| Provided data |
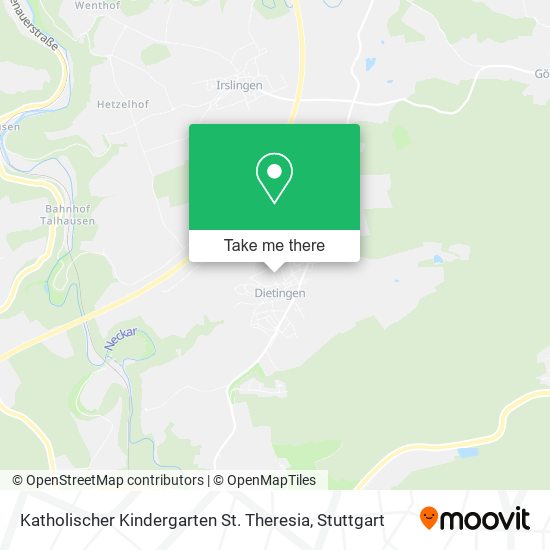 Katholischer Kindergarten St. Theresia map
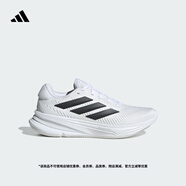 adidas領(lǐng)航系列SUPERNOVA EASE超輕緩震回彈體測跑鞋女阿迪達斯   白/符點灰/金屬銀 (偏小，推薦買大0.5碼)   38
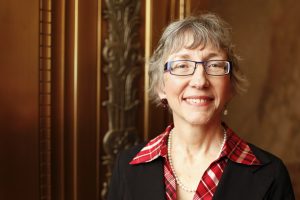 Photo of Jeanne Drewes, Chief of Binding and Collections Care Division, in the Adams Building, Feb. 27, 2015. Photo by Shawn Miller —  American Library Association (ALA).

| Try it |
A verbatim copy of the data, with all pictures omitted, is the required output.

| Answer for the task |
 Katholischer Kindergarten St. Theresia map
 adidas領(lǐng)航系列SUPERNOVA EASE超輕緩震回彈體測跑鞋女阿迪達斯   白/符點灰/金屬銀 (偏小，推薦買大0.5碼)   38
 Photo of Jeanne Drewes, Chief of Binding and Collections Care Division, in the Adams Building, Feb. 27, 2015. Photo by Shawn Miller —  American Library Association (ALA).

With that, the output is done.